Exercise goal:
Go from the first line below to the one with "Sloppy Joes with a side of waffle fries." and print each line exactly.
** Given records follows **
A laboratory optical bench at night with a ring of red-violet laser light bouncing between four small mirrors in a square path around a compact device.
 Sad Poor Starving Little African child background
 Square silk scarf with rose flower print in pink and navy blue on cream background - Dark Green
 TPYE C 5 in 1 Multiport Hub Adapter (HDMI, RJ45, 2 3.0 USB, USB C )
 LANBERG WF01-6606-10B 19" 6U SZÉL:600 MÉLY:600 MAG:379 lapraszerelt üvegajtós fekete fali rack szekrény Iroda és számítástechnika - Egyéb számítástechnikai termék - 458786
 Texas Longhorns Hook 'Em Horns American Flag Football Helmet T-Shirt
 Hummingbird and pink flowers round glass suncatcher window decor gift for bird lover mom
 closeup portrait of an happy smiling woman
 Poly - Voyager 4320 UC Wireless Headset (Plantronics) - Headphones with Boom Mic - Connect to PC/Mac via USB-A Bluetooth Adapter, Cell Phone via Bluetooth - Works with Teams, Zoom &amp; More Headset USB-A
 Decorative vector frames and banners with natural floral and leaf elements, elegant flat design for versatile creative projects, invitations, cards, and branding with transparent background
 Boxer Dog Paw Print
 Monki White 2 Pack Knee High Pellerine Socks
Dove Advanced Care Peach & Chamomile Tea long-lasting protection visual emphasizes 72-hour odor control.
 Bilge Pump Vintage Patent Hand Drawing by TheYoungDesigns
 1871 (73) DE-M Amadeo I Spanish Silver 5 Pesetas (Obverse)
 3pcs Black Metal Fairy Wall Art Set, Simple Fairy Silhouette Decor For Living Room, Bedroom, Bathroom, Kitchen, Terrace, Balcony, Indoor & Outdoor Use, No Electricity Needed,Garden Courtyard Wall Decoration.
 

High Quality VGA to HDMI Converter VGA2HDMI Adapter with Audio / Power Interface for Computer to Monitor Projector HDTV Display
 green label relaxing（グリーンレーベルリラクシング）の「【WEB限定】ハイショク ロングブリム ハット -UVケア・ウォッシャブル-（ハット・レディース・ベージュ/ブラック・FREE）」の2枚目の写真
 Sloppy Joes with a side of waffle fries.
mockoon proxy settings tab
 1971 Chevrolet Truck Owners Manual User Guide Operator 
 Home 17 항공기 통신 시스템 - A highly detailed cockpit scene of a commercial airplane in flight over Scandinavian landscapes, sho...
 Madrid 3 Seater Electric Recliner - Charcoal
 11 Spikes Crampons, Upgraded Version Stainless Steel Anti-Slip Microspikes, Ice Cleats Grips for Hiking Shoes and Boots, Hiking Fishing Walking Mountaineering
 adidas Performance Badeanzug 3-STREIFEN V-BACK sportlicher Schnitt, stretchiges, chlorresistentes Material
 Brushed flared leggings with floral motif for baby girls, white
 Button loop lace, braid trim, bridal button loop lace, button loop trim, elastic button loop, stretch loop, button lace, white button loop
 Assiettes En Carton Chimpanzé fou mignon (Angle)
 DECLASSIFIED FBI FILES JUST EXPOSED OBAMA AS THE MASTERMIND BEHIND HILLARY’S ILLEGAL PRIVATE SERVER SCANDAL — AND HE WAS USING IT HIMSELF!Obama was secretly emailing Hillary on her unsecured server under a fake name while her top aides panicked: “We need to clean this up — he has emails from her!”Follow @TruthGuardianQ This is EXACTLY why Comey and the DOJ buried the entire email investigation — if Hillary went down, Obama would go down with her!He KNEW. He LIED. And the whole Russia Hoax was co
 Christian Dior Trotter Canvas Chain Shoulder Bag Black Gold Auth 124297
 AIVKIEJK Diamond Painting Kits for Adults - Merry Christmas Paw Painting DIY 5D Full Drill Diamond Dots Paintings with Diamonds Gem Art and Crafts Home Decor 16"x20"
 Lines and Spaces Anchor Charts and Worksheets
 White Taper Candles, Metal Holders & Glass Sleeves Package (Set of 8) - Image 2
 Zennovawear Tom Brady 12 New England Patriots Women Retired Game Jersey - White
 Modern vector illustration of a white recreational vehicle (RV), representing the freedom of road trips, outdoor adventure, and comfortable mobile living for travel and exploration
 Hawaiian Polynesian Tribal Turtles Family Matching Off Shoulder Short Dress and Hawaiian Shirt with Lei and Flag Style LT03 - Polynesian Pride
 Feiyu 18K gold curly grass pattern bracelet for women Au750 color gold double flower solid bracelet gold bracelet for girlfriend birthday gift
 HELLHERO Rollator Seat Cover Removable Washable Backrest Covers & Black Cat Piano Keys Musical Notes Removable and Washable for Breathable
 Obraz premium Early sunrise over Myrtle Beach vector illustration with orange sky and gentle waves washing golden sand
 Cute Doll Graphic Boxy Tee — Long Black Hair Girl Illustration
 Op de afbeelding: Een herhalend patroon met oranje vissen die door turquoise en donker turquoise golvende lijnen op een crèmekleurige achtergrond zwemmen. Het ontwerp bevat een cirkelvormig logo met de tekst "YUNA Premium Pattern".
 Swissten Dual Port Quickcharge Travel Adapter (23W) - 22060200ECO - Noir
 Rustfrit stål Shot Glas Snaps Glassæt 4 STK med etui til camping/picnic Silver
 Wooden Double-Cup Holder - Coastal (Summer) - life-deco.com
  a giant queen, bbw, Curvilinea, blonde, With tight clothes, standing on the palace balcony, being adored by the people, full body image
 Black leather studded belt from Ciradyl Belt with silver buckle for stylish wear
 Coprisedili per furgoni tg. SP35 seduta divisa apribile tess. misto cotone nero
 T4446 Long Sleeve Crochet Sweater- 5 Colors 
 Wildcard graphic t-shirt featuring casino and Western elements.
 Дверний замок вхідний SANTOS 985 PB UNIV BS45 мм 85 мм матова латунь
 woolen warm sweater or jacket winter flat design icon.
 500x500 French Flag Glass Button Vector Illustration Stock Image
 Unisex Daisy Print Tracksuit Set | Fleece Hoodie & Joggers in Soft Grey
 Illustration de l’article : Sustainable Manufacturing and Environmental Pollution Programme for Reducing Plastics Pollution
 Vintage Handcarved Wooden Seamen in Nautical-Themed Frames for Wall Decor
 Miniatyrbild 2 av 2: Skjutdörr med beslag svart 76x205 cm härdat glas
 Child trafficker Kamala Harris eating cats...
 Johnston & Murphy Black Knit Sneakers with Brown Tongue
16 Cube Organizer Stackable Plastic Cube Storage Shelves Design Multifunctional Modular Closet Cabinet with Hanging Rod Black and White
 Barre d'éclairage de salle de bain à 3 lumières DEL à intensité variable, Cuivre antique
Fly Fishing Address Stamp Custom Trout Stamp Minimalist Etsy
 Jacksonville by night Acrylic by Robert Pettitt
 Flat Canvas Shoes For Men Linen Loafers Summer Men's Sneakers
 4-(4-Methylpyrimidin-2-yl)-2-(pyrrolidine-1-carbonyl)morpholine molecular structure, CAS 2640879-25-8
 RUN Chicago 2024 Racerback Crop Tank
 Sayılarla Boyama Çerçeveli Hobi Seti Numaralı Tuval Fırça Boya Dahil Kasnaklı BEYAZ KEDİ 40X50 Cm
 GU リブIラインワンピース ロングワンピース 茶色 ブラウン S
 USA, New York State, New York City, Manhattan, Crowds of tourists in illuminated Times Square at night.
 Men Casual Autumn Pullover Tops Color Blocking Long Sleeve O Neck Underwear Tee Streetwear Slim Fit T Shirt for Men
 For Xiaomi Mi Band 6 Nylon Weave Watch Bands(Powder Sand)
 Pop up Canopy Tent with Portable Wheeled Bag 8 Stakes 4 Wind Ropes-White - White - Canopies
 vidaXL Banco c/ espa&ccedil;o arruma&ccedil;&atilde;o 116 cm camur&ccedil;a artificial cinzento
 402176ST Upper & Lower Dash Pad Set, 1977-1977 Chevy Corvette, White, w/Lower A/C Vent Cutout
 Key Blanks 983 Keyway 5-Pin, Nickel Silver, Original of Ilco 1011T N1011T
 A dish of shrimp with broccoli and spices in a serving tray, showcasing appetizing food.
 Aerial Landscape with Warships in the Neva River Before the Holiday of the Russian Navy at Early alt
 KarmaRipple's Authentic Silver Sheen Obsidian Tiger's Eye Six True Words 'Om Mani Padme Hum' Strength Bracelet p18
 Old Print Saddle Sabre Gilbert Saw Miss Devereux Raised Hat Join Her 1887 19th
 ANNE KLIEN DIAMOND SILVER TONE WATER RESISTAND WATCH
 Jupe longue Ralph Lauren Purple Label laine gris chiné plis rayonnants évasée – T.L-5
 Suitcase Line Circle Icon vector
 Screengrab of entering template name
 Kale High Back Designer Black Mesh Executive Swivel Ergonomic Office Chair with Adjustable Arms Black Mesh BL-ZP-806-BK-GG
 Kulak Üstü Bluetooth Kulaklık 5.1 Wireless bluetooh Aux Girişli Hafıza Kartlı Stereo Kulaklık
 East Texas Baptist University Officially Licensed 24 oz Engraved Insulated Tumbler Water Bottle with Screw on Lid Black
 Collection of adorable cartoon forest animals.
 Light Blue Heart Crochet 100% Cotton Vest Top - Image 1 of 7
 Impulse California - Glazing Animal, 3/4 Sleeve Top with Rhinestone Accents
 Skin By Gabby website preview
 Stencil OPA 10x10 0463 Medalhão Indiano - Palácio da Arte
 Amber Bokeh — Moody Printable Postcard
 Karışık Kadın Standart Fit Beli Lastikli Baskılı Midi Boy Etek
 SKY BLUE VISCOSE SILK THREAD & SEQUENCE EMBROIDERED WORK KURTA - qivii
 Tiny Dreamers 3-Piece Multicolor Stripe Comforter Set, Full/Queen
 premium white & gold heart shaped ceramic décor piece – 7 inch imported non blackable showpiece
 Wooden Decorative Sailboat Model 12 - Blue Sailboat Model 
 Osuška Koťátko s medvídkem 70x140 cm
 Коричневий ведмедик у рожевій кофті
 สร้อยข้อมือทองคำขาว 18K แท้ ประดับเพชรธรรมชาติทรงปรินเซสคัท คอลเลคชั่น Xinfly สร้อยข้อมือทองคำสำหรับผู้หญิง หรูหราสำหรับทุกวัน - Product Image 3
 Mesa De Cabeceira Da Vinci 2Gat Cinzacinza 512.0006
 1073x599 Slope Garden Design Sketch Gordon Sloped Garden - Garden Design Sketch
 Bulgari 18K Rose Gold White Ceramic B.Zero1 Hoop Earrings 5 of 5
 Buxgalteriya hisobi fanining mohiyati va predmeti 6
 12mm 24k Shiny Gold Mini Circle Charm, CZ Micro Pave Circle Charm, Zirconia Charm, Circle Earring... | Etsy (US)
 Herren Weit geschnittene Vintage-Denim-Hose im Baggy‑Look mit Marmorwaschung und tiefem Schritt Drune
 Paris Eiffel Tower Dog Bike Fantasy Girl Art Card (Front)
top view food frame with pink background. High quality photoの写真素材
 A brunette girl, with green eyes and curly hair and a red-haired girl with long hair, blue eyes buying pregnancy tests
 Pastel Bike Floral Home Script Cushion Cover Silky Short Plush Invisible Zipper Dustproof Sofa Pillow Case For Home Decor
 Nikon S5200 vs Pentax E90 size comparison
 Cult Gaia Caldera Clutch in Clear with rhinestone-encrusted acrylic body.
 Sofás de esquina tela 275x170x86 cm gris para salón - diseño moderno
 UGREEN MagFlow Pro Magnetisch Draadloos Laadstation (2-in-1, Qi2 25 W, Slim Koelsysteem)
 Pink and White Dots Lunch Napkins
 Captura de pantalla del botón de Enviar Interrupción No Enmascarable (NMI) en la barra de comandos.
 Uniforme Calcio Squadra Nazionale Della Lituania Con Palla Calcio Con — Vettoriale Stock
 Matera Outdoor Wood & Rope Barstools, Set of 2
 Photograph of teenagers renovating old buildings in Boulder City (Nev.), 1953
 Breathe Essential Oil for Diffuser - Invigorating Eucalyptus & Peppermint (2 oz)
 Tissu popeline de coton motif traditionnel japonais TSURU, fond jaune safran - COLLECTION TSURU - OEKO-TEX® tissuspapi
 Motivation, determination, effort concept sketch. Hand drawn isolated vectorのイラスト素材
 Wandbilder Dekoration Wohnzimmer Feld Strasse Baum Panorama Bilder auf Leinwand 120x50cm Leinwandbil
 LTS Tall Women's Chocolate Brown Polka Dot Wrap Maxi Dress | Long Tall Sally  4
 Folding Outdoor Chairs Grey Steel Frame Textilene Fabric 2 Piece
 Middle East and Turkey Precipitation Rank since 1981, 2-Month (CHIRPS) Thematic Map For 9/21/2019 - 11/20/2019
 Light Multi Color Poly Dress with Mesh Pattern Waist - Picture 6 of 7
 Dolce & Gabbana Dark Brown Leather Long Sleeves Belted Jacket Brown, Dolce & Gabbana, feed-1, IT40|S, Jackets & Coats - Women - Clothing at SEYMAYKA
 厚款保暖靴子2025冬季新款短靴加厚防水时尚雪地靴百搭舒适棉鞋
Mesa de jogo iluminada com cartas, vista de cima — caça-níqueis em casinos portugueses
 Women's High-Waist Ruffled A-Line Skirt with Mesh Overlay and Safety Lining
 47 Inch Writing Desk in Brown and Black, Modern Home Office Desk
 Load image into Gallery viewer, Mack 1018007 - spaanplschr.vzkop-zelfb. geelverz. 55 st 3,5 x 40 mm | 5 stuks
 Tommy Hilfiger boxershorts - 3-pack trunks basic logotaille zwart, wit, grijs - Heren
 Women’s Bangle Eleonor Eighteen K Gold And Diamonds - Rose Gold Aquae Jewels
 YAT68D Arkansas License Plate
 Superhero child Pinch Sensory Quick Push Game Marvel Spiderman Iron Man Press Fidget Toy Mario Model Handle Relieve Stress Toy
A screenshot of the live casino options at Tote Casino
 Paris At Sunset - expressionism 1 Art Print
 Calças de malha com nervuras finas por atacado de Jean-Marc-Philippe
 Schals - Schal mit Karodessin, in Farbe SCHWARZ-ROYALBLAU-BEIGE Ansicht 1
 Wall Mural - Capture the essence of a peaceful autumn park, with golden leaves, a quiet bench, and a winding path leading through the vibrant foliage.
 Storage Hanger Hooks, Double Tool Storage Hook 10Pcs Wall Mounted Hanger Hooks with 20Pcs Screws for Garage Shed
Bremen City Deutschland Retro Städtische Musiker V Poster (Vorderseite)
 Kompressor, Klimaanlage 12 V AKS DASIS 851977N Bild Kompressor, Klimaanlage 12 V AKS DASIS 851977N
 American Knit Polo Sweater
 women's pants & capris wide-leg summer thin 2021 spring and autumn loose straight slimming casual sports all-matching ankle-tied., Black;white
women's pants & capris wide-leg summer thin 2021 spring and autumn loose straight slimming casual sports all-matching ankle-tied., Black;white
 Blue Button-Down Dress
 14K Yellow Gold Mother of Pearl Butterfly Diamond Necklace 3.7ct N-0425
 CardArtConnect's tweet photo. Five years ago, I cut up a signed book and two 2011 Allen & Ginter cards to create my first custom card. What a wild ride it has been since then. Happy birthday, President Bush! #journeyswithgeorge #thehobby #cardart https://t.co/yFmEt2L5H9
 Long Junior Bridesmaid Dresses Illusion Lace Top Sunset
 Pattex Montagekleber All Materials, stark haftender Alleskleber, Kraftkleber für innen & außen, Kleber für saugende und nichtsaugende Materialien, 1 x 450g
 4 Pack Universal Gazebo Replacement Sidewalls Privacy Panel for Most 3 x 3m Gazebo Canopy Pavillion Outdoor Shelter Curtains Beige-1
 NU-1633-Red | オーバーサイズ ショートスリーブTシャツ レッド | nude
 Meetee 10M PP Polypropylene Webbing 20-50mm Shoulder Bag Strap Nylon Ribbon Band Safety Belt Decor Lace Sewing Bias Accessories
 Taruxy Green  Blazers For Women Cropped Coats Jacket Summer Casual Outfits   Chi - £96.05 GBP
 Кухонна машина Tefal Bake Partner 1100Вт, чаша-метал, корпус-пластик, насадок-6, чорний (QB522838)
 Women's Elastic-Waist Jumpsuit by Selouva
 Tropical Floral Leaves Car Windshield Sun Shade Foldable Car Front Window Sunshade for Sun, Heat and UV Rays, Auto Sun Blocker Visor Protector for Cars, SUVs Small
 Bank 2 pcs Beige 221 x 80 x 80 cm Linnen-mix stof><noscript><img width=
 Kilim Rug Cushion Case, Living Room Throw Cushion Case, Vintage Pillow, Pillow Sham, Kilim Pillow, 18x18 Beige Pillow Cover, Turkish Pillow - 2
** End of Given records **
Output of the task:
A laboratory optical bench at night with a ring of red-violet laser light bouncing between four small mirrors in a square path around a compact device.
 Sad Poor Starving Little African child background
 Square silk scarf with rose flower print in pink and navy blue on cream background - Dark Green
 TPYE C 5 in 1 Multiport Hub Adapter (HDMI, RJ45, 2 3.0 USB, USB C )
 LANBERG WF01-6606-10B 19" 6U SZÉL:600 MÉLY:600 MAG:379 lapraszerelt üvegajtós fekete fali rack szekrény Iroda és számítástechnika - Egyéb számítástechnikai termék - 458786
 Texas Longhorns Hook 'Em Horns American Flag Football Helmet T-Shirt
 Hummingbird and pink flowers round glass suncatcher window decor gift for bird lover mom
 closeup portrait of an happy smiling woman
 Poly - Voyager 4320 UC Wireless Headset (Plantronics) - Headphones with Boom Mic - Connect to PC/Mac via USB-A Bluetooth Adapter, Cell Phone via Bluetooth - Works with Teams, Zoom &amp; More Headset USB-A
 Decorative vector frames and banners with natural floral and leaf elements, elegant flat design for versatile creative projects, invitations, cards, and branding with transparent background
 Boxer Dog Paw Print
 Monki White 2 Pack Knee High Pellerine Socks
Dove Advanced Care Peach & Chamomile Tea long-lasting protection visual emphasizes 72-hour odor control.
 Bilge Pump Vintage Patent Hand Drawing by TheYoungDesigns
 1871 (73) DE-M Amadeo I Spanish Silver 5 Pesetas (Obverse)
 3pcs Black Metal Fairy Wall Art Set, Simple Fairy Silhouette Decor For Living Room, Bedroom, Bathroom, Kitchen, Terrace, Balcony, Indoor & Outdoor Use, No Electricity Needed,Garden Courtyard Wall Decoration.
 

High Quality VGA to HDMI Converter VGA2HDMI Adapter with Audio / Power Interface for Computer to Monitor Projector HDTV Display
 green label relaxing（グリーンレーベルリラクシング）の「【WEB限定】ハイショク ロングブリム ハット -UVケア・ウォッシャブル-（ハット・レディース・ベージュ/ブラック・FREE）」の2枚目の写真
 Sloppy Joes with a side of waffle fries.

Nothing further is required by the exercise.